* Work required
Nothing but the lines from the one with "Audi S7 Sportback (2014) (#12028)" through the end of the listing should be reproduced, each exactly and with pictures omitted.

* Raw data
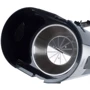 Соковыжималка Braun Multiquick 5 J500 Black: Материал корпуса металл, пластик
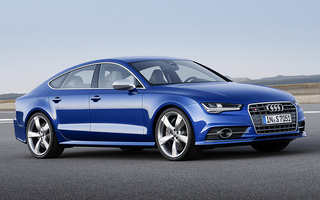 Audi S7 Sportback (2014) (#12028)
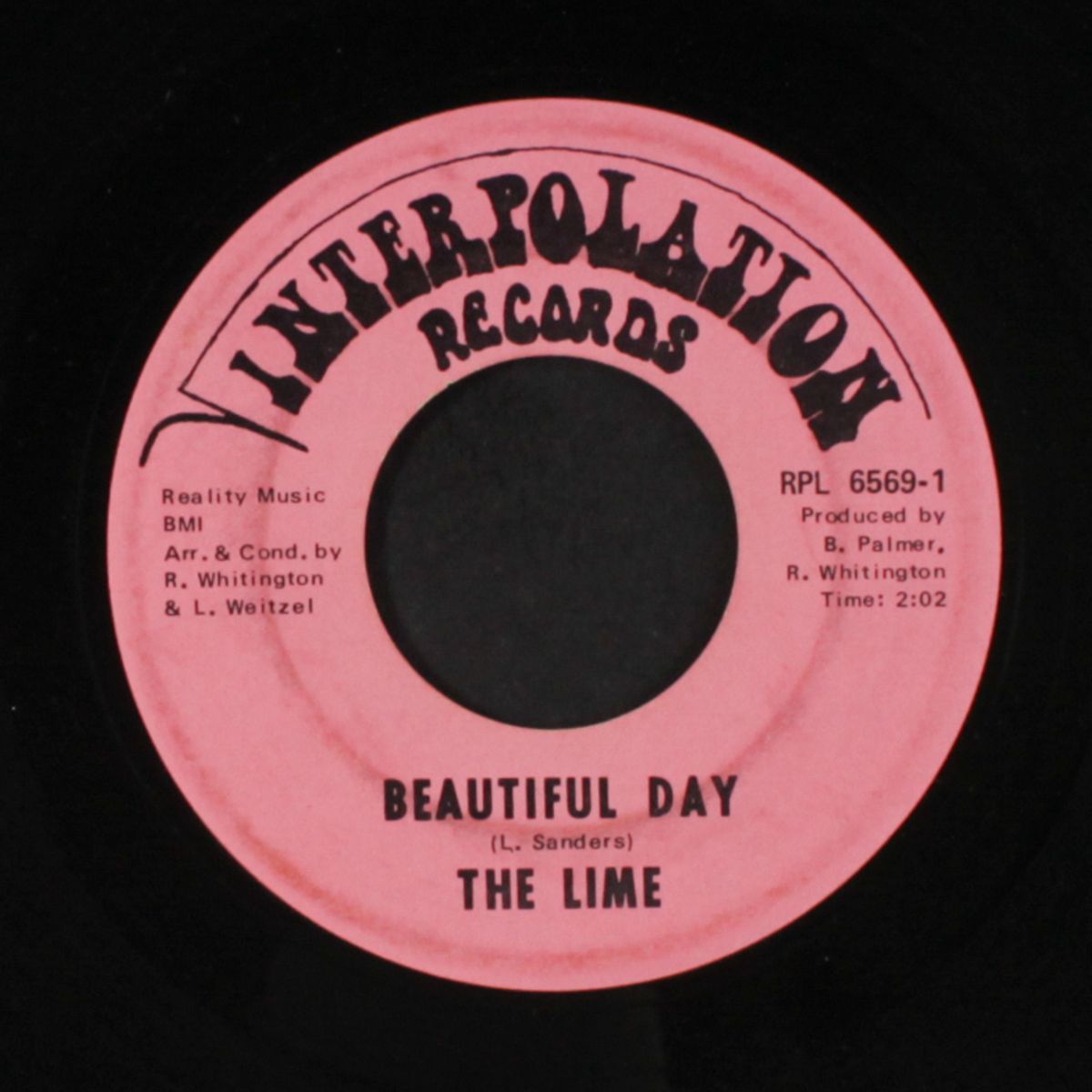 beautiful day / satisfied by LIME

* Exercise result
 Audi S7 Sportback (2014) (#12028)
 beautiful day / satisfied by LIME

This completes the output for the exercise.